◆ **DATA BLOCK**:
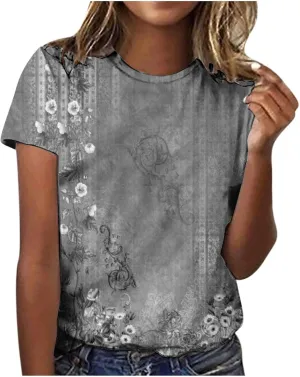 Women's Fashion Casual Short Sleeve Flower Print Round Neck Pullover Top Blouse Women's Athletic Shirts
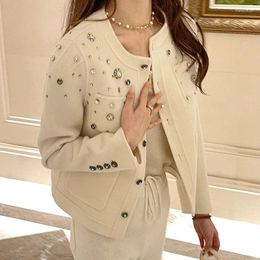 Women's Jackets Autumn Women Diamonds Beaded Wool Blazers Coat O-Neck Floral Embroidery Sequined Suits Jacket OL Cardigan Single Breasted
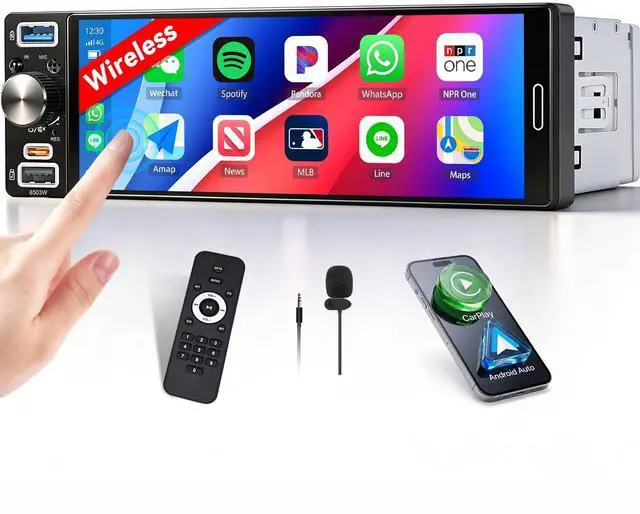 Main image of Single Din Car Stereo with Wireless Carplay Android Auto, 2026 Upgraded Bluetooth 5.2 Type-C/USB, 6.5 Inch Incell HD Touch Screen Car Radio with Waterproof Backup Camera Mirror Link FM CVBS EQ SWC+MIC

◆ **TASK GOAL**:
A word-for-word transcription of the listing is needed, minus its images.

◆ **ANSWER SECTION**:
 Women's Fashion Casual Short Sleeve Flower Print Round Neck Pullover Top Blouse Women's Athletic Shirts
 Women's Jackets Autumn Women Diamonds Beaded Wool Blazers Coat O-Neck Floral Embroidery Sequined Suits Jacket OL Cardigan Single Breasted
 Main image of Single Din Car Stereo with Wireless Carplay Android Auto, 2026 Upgraded Bluetooth 5.2 Type-C/USB, 6.5 Inch Incell HD Touch Screen Car Radio with Waterproof Backup Camera Mirror Link FM CVBS EQ SWC+MIC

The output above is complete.